Jusqu'à 34'000 Gazaouis au km2

Au début de la guerre, déclenchée par une attaque du Hamas contre Israël le 7 octobre, l'armée avait annoncé avoir un plan pour les déplacés. Alors qu'elle avait ordonné de vider tout le nord du territoire, elle commençait à distribuer ses cartes – un quadrillage de zones numérotées couvrant l'ensemble du territoire – et annonçait une «zone humanitaire» à al-Mawassi.

Cette région du sud, connue pour ses plages de sable fin bordées de palmiers et ses champs luxuriants, n'a plus rien à voir avec ce qu'elle était avant le 7 octobre. Alors, elle comptait 1200 habitants au kilomètre carré – un chiffre qui entrait déjà dans la catégorie des villes «densément peuplées» selon les critères d'Eurostat.
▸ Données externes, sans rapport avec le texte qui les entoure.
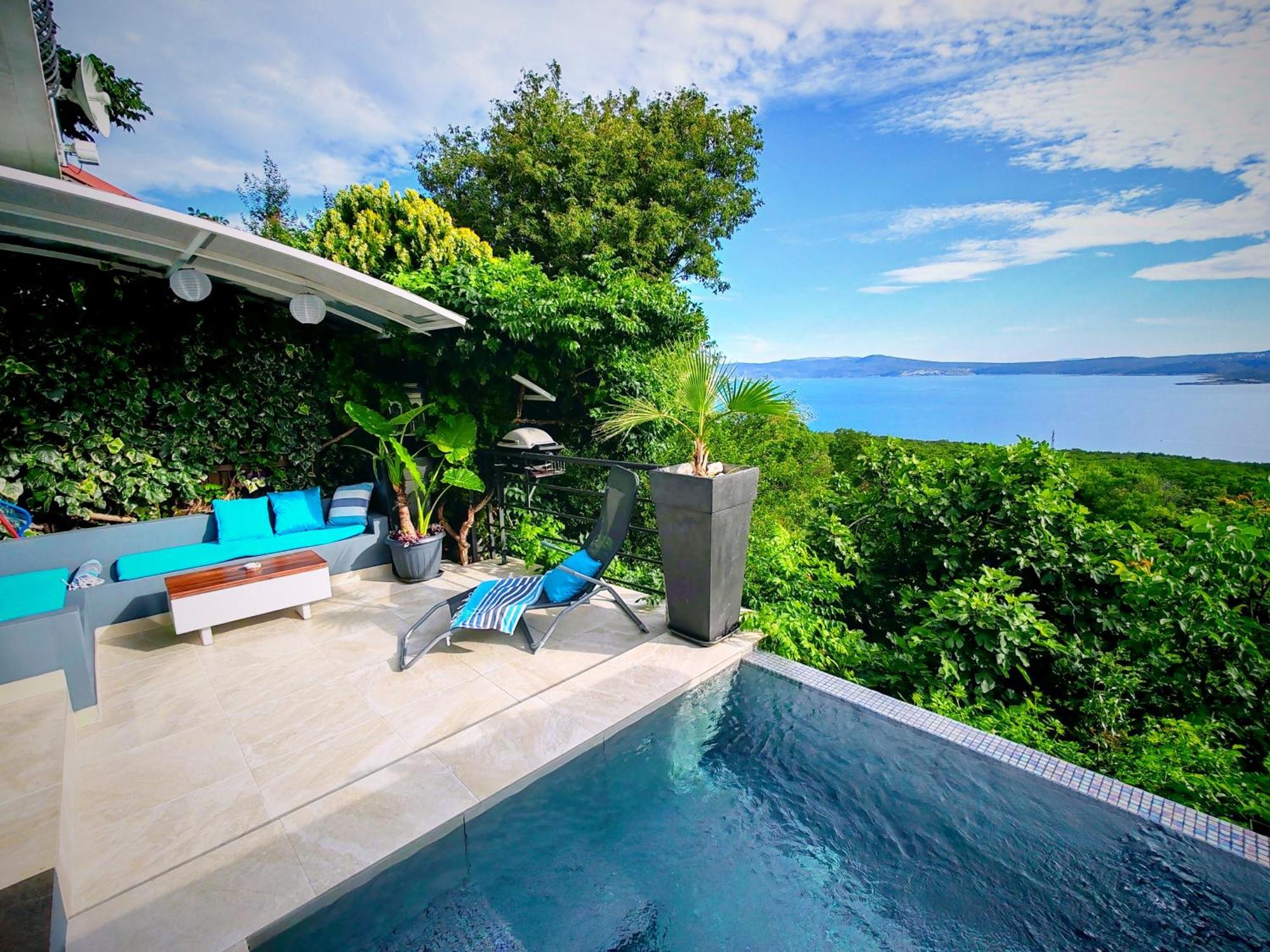 Art Gallery House With A Small Relaxing Pool Криквеница Екстериор снимка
Aujourd'hui, la «zone humanitaire» d'al-Mawassi compte «entre 30'000 et 34'000 habitants par km2» et sa surface a été réduite par l'armée, passant entre le 22 juillet et le 21 août de 50 à 41 km2, selon l'ONU. Malgré tout, sur la plage noire de monde, de nouvelles carrioles et de nouvelles familles arrivent. Et là aussi, comme partout à Gaza, les gémissements des malades, les cris des déplacés excédés et les pleurs des enfants se mêlent au vrombissement entêtant des drones israéliens.